NASA has announced the completion of the initial printing stage of NASA’s 3D-Printed Habitat Challenge, awarding Foster + Partners | Branch Technology and the University of Alaska, Fairbanks as the two top-scoring teams from this round.
After Phase 1 of the competition (won by Clouds AO and SEArch) tasked architects and engineers from around the globe to imagine hypothetical concepts for the habitation of Mars, Phase 2 is challenging designers to manufacture actual, 3D-printed objects using techniques that could be employed to create shelters on a future mission to the red planet or beyond.

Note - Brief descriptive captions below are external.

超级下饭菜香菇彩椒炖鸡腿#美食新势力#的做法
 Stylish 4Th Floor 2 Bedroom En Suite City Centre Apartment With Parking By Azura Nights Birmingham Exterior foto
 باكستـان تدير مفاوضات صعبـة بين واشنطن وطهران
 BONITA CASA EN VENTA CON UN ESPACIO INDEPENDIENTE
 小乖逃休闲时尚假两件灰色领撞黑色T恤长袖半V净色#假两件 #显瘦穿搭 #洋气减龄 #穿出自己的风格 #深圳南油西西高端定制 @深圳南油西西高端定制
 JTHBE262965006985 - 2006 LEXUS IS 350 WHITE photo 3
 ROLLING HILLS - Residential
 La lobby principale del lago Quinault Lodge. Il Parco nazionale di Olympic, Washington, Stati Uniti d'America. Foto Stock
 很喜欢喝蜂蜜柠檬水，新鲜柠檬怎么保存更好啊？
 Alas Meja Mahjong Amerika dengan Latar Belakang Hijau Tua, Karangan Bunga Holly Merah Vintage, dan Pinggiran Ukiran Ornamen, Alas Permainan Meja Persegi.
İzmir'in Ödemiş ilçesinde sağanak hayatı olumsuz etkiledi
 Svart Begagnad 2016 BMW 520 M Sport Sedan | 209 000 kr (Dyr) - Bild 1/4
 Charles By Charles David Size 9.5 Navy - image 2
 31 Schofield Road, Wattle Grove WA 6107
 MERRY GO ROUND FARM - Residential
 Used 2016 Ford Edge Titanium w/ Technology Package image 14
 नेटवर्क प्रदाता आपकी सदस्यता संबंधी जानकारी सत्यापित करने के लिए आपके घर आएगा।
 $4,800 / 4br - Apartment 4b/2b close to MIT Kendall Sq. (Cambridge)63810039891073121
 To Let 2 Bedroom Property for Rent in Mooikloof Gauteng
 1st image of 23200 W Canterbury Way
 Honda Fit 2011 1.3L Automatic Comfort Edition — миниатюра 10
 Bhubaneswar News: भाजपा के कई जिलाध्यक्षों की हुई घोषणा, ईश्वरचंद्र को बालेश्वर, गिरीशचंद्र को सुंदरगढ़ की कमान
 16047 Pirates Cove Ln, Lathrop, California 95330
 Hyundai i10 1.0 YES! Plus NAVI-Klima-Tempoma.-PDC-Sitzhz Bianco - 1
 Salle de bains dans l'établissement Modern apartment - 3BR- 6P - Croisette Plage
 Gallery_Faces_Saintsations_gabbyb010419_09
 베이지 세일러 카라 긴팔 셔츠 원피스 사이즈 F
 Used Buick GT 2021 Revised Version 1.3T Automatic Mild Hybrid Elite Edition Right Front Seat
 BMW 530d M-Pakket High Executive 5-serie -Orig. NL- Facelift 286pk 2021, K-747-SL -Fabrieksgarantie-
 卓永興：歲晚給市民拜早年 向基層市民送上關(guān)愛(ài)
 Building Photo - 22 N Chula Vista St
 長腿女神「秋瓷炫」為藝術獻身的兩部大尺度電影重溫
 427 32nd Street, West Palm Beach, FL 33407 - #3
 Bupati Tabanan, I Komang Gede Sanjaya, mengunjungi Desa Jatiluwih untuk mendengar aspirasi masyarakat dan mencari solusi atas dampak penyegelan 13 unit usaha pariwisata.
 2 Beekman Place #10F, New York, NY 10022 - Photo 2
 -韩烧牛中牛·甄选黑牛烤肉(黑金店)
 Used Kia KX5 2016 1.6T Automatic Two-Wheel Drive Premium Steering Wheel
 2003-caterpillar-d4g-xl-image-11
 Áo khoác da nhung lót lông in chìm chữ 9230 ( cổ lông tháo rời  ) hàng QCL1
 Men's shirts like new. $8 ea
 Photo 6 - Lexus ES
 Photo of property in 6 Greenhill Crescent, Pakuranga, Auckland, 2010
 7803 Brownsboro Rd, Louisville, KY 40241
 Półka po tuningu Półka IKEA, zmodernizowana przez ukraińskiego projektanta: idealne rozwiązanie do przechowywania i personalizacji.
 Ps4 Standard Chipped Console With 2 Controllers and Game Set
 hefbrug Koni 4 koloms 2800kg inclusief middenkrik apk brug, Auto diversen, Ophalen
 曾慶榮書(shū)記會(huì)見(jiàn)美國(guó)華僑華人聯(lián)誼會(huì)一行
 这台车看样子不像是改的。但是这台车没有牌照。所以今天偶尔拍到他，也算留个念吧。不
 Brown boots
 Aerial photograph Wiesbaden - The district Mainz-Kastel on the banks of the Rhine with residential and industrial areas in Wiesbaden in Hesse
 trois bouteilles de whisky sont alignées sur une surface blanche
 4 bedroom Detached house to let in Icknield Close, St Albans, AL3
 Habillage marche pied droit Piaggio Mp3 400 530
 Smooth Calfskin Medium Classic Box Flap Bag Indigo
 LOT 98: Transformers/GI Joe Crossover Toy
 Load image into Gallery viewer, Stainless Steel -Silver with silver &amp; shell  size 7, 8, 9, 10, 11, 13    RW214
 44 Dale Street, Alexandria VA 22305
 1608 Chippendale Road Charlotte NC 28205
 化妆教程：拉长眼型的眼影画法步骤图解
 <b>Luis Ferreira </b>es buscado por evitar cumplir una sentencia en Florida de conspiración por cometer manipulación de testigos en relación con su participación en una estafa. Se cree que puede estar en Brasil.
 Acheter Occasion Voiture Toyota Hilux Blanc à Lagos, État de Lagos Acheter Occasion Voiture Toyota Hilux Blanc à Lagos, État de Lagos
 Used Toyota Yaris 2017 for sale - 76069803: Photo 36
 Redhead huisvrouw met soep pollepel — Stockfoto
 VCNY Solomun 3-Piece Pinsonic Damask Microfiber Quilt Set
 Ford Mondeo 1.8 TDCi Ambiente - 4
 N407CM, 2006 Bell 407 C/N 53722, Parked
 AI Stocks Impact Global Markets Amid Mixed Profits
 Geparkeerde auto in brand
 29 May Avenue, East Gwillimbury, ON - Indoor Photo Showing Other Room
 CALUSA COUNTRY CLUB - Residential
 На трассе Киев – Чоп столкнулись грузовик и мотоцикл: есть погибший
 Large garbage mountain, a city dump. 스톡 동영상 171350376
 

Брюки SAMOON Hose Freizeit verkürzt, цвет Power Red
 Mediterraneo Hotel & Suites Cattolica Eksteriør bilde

Seven total submissions were received, with the top two teams sharing a $100,000 prize. Foster + Partners | Branch Technology of Chattanooga, Tennessee received the highest score, taking home $85,930, while the team from the University of Alaska, Fairbanks was awarded $14,070.
The other 5 teams included Bubble Base of Winston-Salem, North Carolina; Pennsylvania State University of University Park; CTL Group Mars of Skokie, Illinois; ROBOCON of Singapore; and Moon X Construction of Seoul, South Korea. Entries exhibited a range of approaches, from traditional cement to exotic cellular structures.
“Seeing tangible, 3D-printed objects for this phase makes the goals of this challenge more conceivable than ever,” said Monsi Roman, program manager of Centennial Challenges. “This is the first step toward building an entire habitat structure, and the potential to use this technology to aid human exploration to new worlds is thrilling.”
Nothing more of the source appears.